Retomando a votação em ambiente de sessão de julgamento virtual na data de 26/06/2020, o Min. Marco Aurélio confirmou seu voto dentro da expectativa prevista, abrindo caminho para a votação dos ministros remanescentes, tendo sido concluída a votação ao final do dia 04/08/2020, com o placar de 7 votos a 4 para declarar a inconstitucionalidade da incidência de contribuição previdenciária sobre o salário-maternidade – prevista no art. 28, § 2º, da Lei 8.212/1991, e a parte final do seu § 9º, “a”, em que se lê “salvo o salário-maternidade”.

O posicionamento adotado pelo Supremo inova sobremaneira o cenário até então existente, uma vez que o Superior Tribunal de Justiça desde 1999 (REsp 215476/RS) – portanto, há mais de 20 anos – sempre considerou que o salário-maternidade tem natureza salarial e, por isso, integraria a base de cálculo da contribuição previdenciária. Tanto o é que em 26/02/2014, sob o rito dos recursos repetitivos (Tema Repetitivo nº 739, STJ), ao apreciar o Recurso Especial nº 1.230.957/RS, a Primeira Seção, sob a relatoria do Min. Mauro Campbell Marques, encerrou qualquer discussão no âmbito da Corte Superior, na medida em que definiu que incide contribuição previdenciária a cargo da empresa sobre os valores pagos a
título de salário-maternidade.

Alinhados à ideia de que a manutenção da incidência da contribuição previdenciáriasobre o salário-maternidade acaba por aumentar a discriminação entre os gêneros, já que o ônus tributário da maternidade recai inteiramente sobre o empregador, impactando diretamente no aumento do custo da mão-de-obra feminina, comparativamente à masculina; bem como ao fato de que o ônus financeiro do benefício foi transferido legalmente à entidade de assistência social (INSS) desde a edição da Lei nº 6.136/1974; (…) que inexiste habitualidade no pagamento da verba; e, finalmente, que o fato de a verba ser paga por motivo que não corresponde a uma contraprestação pelo trabalho ou a retribuição paga pelo empregado em razão do contrato de trabalho, a declaração de incompatibilidade desta rubrica ao conceito constitucional de “folha de salários” era medida necessária e esperada do STF.

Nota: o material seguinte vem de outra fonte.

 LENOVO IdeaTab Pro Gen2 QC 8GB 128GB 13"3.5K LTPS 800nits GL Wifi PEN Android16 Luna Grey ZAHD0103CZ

Assim, em nome das garantias constitucionais de proteção à maternidade e ao direitodas mulheres de acesso ao mercado de trabalho, previstas no art. 7º, incisos XIII, XX e XXX, no art. 6º e no art. 5º, inciso I e § 2º, da Constituição da República, é de se ressaltar que a declaração da inconstitucionalidade da referida exação tributária pelo STF representa importante vitória das mulheres no combate à desigualdade de gênero.